En Indiana Jones y la última cruzada, el arqueólogo más carismático triunfa porque sabe que no es oro todo lo que reluce. Su misión consiste en encontrar el Grial antes que los nazis, para evitar que Hitler alcance gracias a él la vida eterna. Tras superar pruebas y trampas, llega al escondite donde un espectral caballero de la Primera Cruzada custodia el cáliz sagrado, escondido entre muchas copas falsas. Indy no se deja tentar por las orfebrerías suntuosas, incrustadas de joyas. Toma en sus manos la más modesta y susurra: “Es la copa de un carpintero”. “Has elegido sabiamente”, concluye el achacoso guerrero.
El filósofo Sócrates, adalid del conocimiento dialogante, solía derrotar a sus adversarios atribuyéndose un perfil bajo. Se presentaba como el más ignorante; iba descalzo a todas partes y bromeaba sobre su mayúscula fealdad; siendo maestro se comportaba como un discípulo. Era alguien que tenía las dudas muy claras. Astutamente, prefería reconocer sus errores antes de que otros los exagerasen. Creía que el proceso de aprender desafía a la vanidad, que no se detiene a pensar porque está ocupada en alardear.
También en los relatos folclóricos y en los mitos acaban triunfando, tras un largo camino de aventuras y formación, las criaturas repudiadas. Los héroes al principio sufren burlas y desprecio, los llaman Bobo, Mudito, Cenicienta, Iván el Tonto o Patito Feo. Las historias protagonizadas por el personaje más joven y en apariencia más inepto ofrecen al niño —que se siente torpe frente al complejo mundo adulto— alivio a sus miedos, consuelo y esperanza.
Nuestros tiempos narcisistas nos bombardean con nuevos cuentos de hadas, una invasión del pensamiento positivo que, en las redes y en la publicidad, lanza al aire la purpurina de sus eslóganes. Eres perfecta como eres. Porque tú lo vales. Empodérate. La felicidad es cuestión de actitud. En su sagaz ensayo El murmullo, Belén Gopegui disecciona la autoayuda como género de ficción que gira en torno al yo investido de una autoestima desafiante, obviando las causas del malestar y sin enfrentarse nunca al abuso de poder.
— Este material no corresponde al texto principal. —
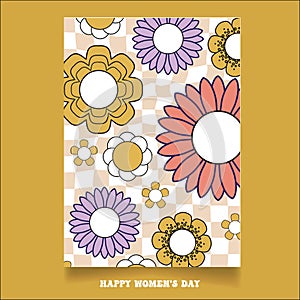 Seventies retro Flower Power background with hippie flowers. International Womens day Greetings. 8th March Day. Mothers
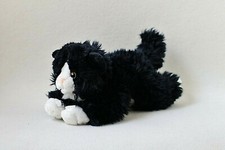 Uni Toys Katze liegend schwarz weiß 30cm Stofftier Plüschtier Kuscheltier (T183)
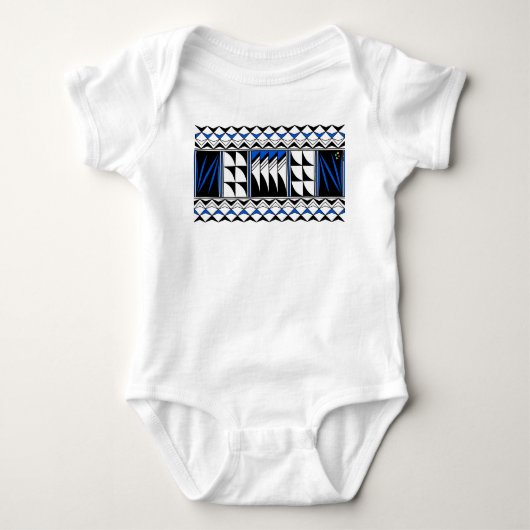 Feather Blessings in het blauw Romper (Voorkant)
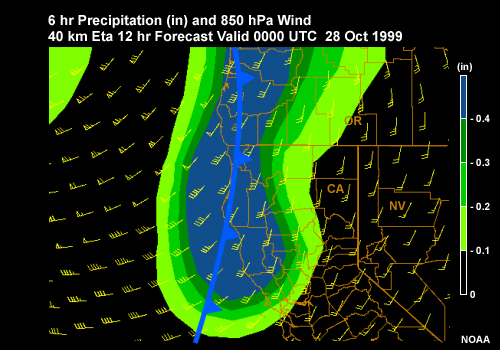 6 hr Precipitation (in) and Wind (kt) Eta 12 hr Forecast Valid 0000 UTC 28 Oct 1999 along the U.S. West Coast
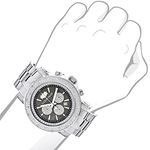 Heavy Mens Brand New Diamond Escalade Chronograph Watch 0.75ct Black by Luxurman 3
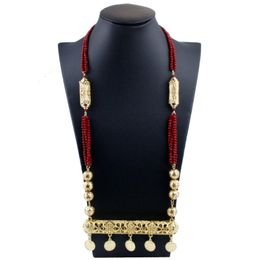Pendant Necklaces Sunspicems Gold Colour Algeria Morocco Necklace For Women Long Bead Chain Caftan Coin Africa Wedding Jewellery Bridal Gift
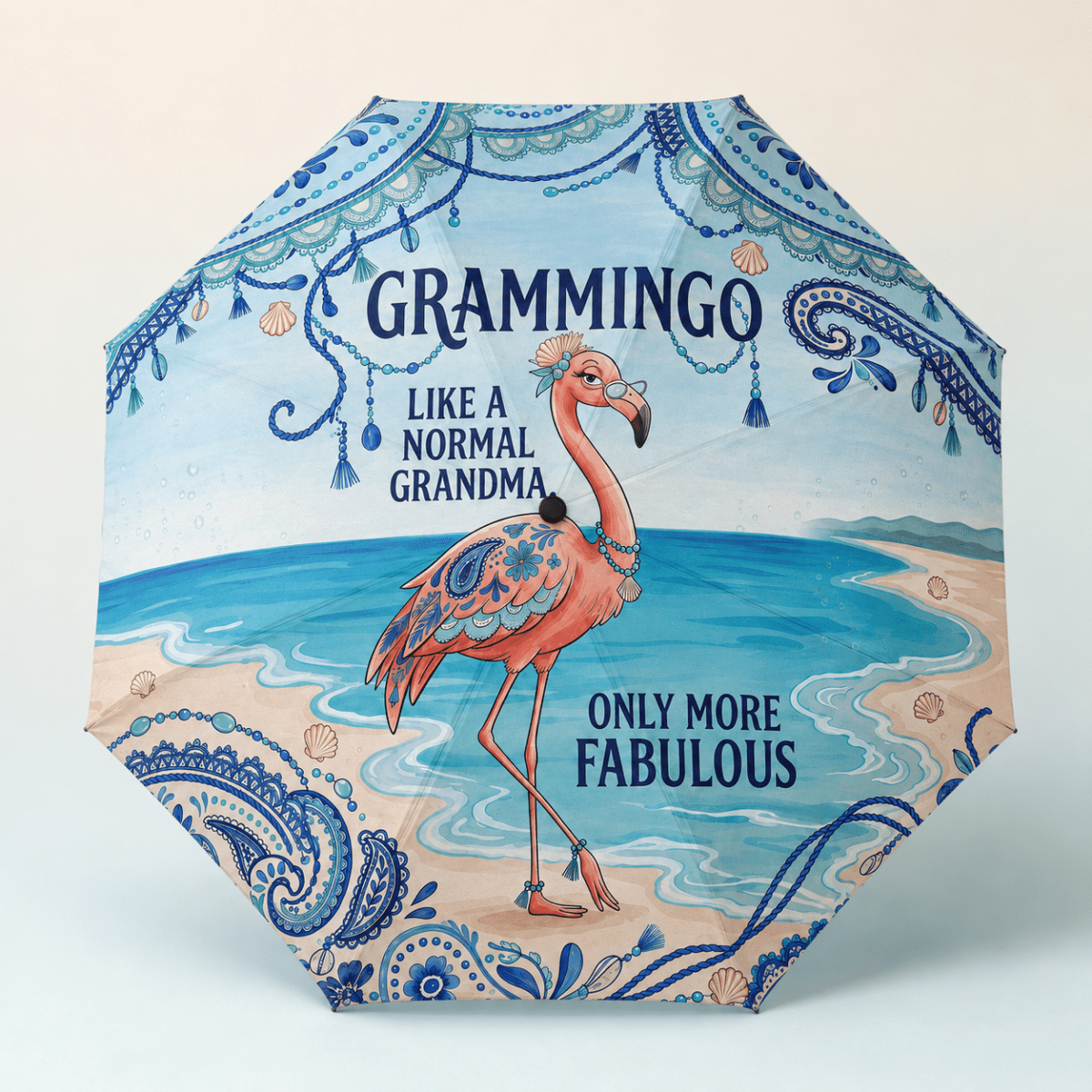 Grammingo Flamingo Umbrella for Grandma, Funny Flamingo Beach Umbrella, Coastal Gift for Grandma, Waterproof Travel Umbrella - FlamingoAholic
Propone como antídoto la confabulación, “ponerse de acuerdo con otras personas, recurriendo a narraciones compartidas, unirse para no dominar, aplastar o dejar caer a personas iguales o en peor situación”. Sin humildad, el yo ocupa todo el espacio disponible y solo ve al prójimo como objeto o como enemigo. Se conoce el carácter de alguien observando cómo trata en el día a día a la gente corriente, a quienes no son poderosos y no pueden favorecerle. Para ponernos en el lugar de otros, la vanidad debe bajarse del pedestal. Como escribió C. S. Lewis, no es humilde quien piensa de sí mismo que es poca cosa, sino quien piensa poco en sí mismo.»
(1) Agradezco la referencia a Mirta Vuotto.